### Supplied information
__________

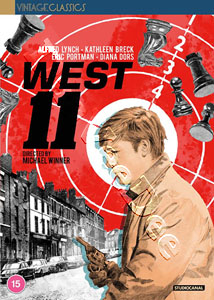 West 11 (DVD)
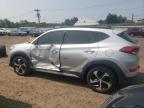 HYUNDAI TUCSON VAL снимка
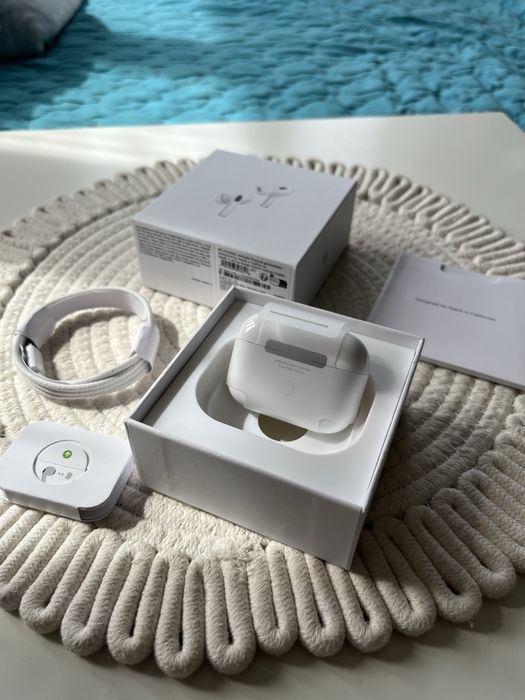 Airpods Pro 2 Чисто Нови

__________

### Activity
Could you set down, exactly as written, every line from the one with "HYUNDAI TUCSON VAL снимка" to the end of the data, both ends included? Leave out the pictures.

### Exercise response
 HYUNDAI TUCSON VAL снимка
 Airpods Pro 2 Чисто Нови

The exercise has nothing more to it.